We are running multi GPU jobs on Tensorflow and evaluating a migration from the queue based model (using the string_input_producer interface) to the new Tensorflow Dataset API. The latter appears to offer an easier way to switch between Train and Validation, concurrently.
A snippet of code below shows how we are doing this.
train_dataset, train_iterator = get_dataset(train_files, batch_size, epochs)
val_dataset, val_iterator = get_dataset(val_files, batch_size, epochs)
is_validating = tf.placeholder(dtype=bool, shape=())
next_batch = tf.cond(is_validating,
lambda: val_iterator.get_next(),
lambda: train_iterator.get_next())
validation_tower = self.num_gpus - 1
tower_grads = []
for i in range(self.num_gpus):
with tf.variable_scope(tf.get_variable_scope(),reuse=(i > 0)):
with tf.device('/gpu:%d' % i), tf.name_scope('%s_%d' % ('gpu_', i)) as scope:
if i == validation_tower:
images, labels = next_batch
# Loss funcs snipped out
else:
images, labels = next_batch
# Loss funcs snipped out
The get_dataset function builds a dataset, sets a map function and a batch size.
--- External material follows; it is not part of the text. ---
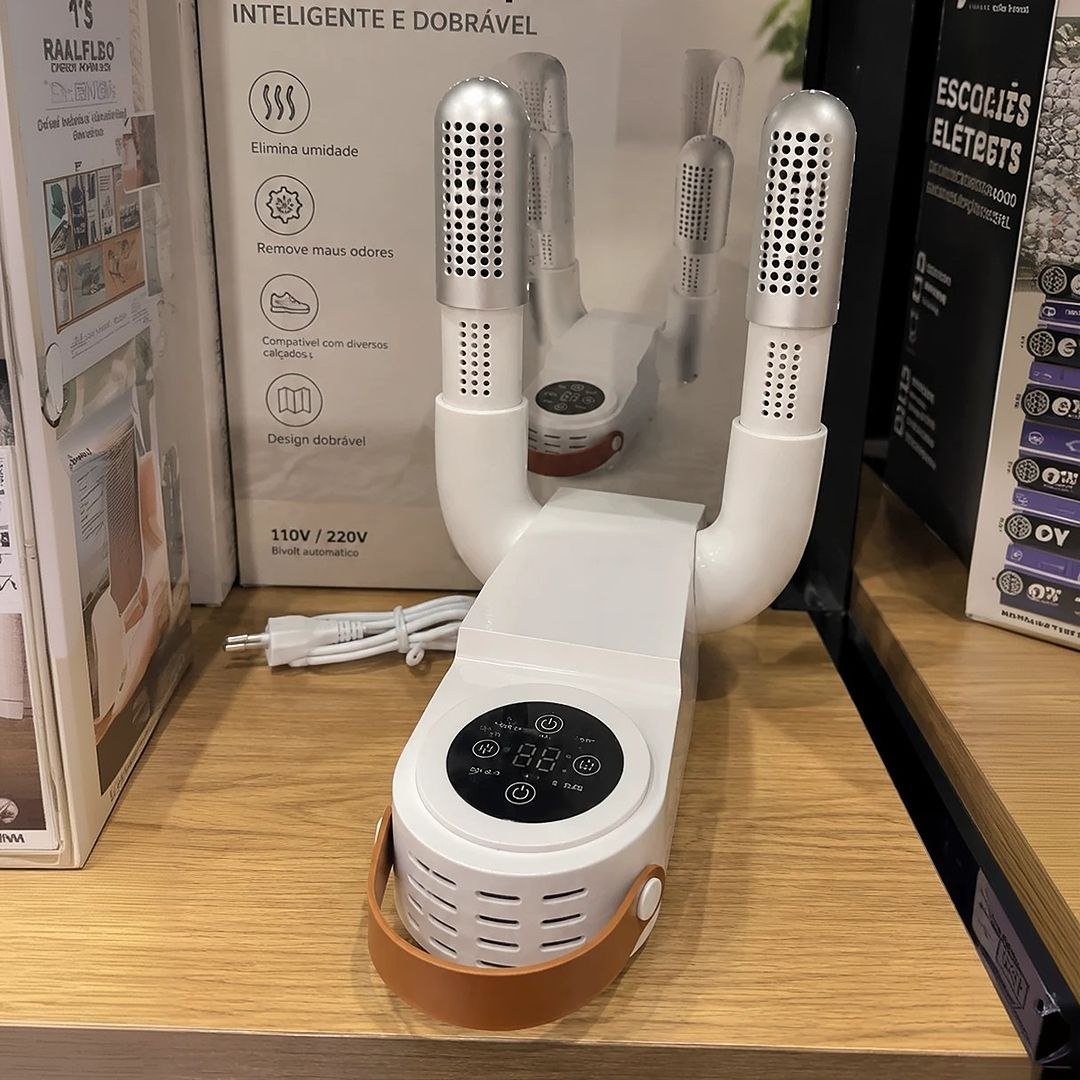 Secador De Tênis Inteligente Dobrável Mal Cheiro E Odor bivolt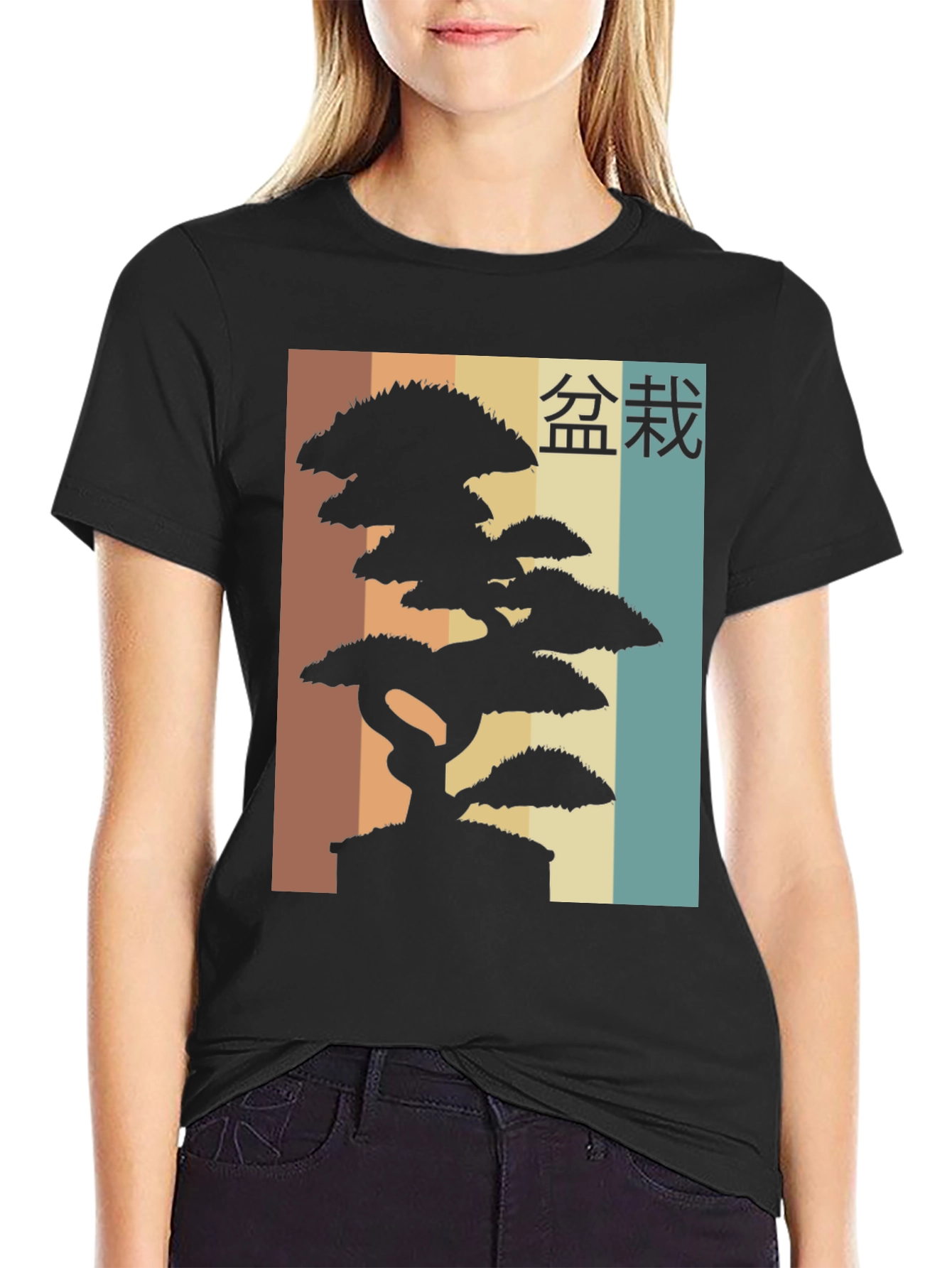 Bonsai Tree Graphic Tee - Japanese Aesthetic T-Shirt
It also builds an iterator, but doesn't initialize it. Initialization of the iterator occurs before the session starts.
The is_validating boolean is supplied while the session is running, and every few steps we pass is_validating as True via a feed_dict to use the validation dataset
The question I have is:
Lets say I have 8 gpus, so we run training on 7 GPUs. Does the Iterator advance from the same point for each of these 7 GPUs, hence supplying all 7 GPU's with the same data?